サプライチェーンの弱点狙う攻撃で情報漏洩急増 自社のセキュリティが担保されていても被害
これを情報セキュリティに当てはめた場合、届けられる製品はソフトウェアやサービスとなる。その意味では、サイバー空間におけるサプライチェーン攻撃とは本来、「ソフトウェアサプライチェーン攻撃」と「サービスサプライチェーン攻撃」の2種を指すものだったと言える。
しかし2019年前後から、委託業者への不正アクセスによる情報漏洩や、海外拠点へのランサムウェア攻撃から端を発したシステム停止など、さまざまなサプライチェーンを巻き込んだインシデントが発生してきたことが、サプライチェーン攻撃の中に、「ビジネスサプライチェーン攻撃」の概念が加わるきっかけとなった。
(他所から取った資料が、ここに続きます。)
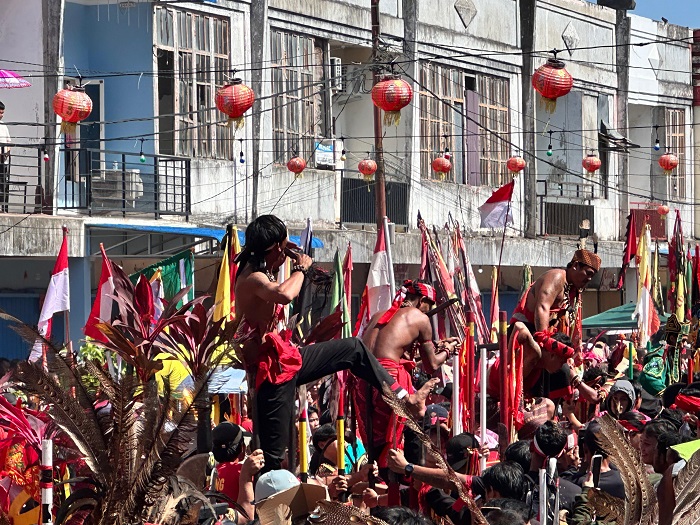 CAP GOH MEH: Kemeriahan Cap Go Meh di Sungai Pinyuh.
ビジネスを展開するうえで多くの法人組織は取引先や関連会社とサプライチェーンでつながっている。たとえ自社のセキュリティが担保されていても、サプライチェーンでつながっているどこかの組織でインシデントが発生した場合には、その影響が少なからず自社のビジネスにも及んでしまうのが、サプライチェーンリスクの恐ろしい点だ。
「データサプライチェーンリスク」という新たな概念
このようにサイバーセキュリティにおけるサプライチェーン攻撃の概念が広がる中で、昨今「データサプライチェーンリスク」という新たな概念が注目されている。
業務の委託、請負といった組織間の関係性の中で、業務上の必要性から他組織に渡したデータが漏洩してしまうリスクだ。
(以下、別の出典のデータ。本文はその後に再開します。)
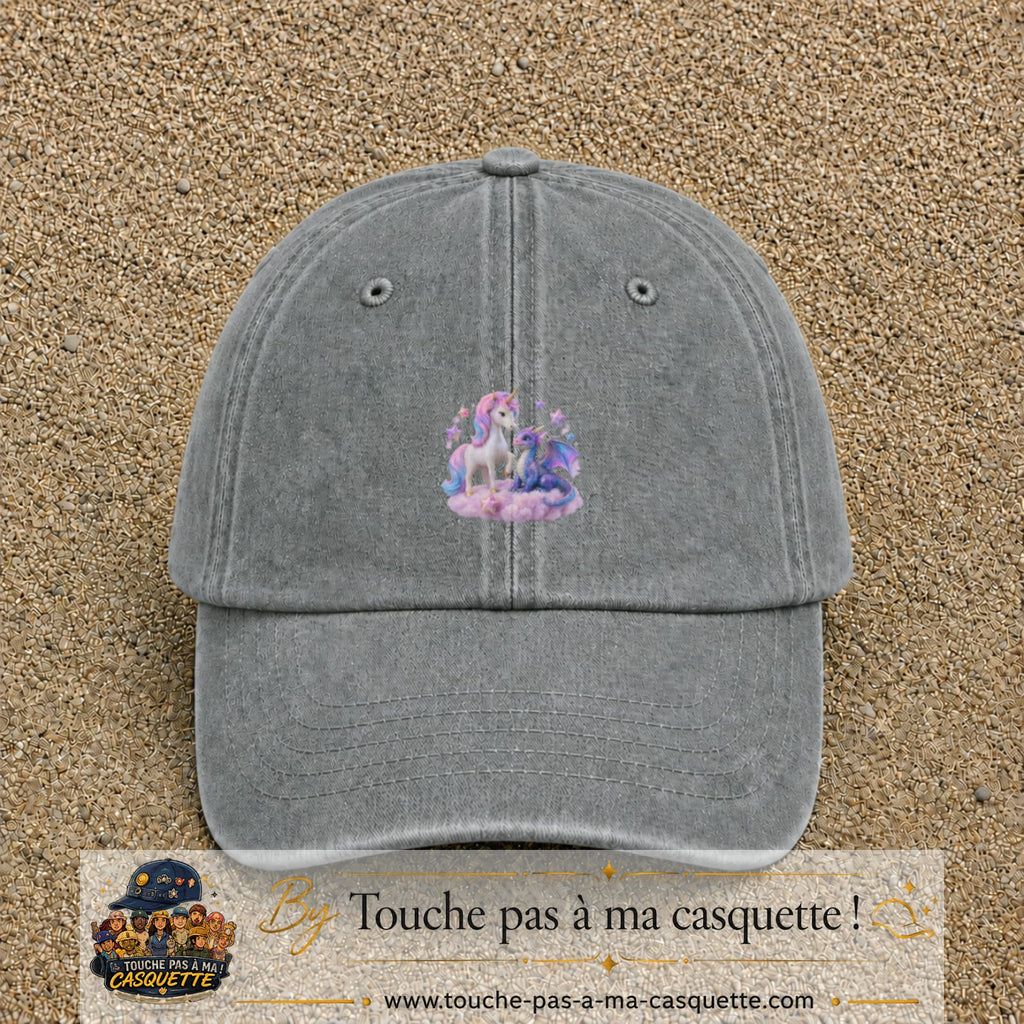 Casquette Gris délavé avec motif Licorne et dragon sur un nuage en 5 cm – vue principale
データサプライチェーンリスクに関連する2024年の事例としては、情報処理サービス、コンピュータ用紙の製造・販売を展開する企業、イセトーのランサムウェア攻撃の被害がある。
この事例では、イセトーが業務を請け負っていた50以上の委託元組織に情報漏洩の被害が拡大した。委託した情報が漏洩する事例自体は以前から発生しているが、被害の大規模化により再び大きな課題として注視され始めている。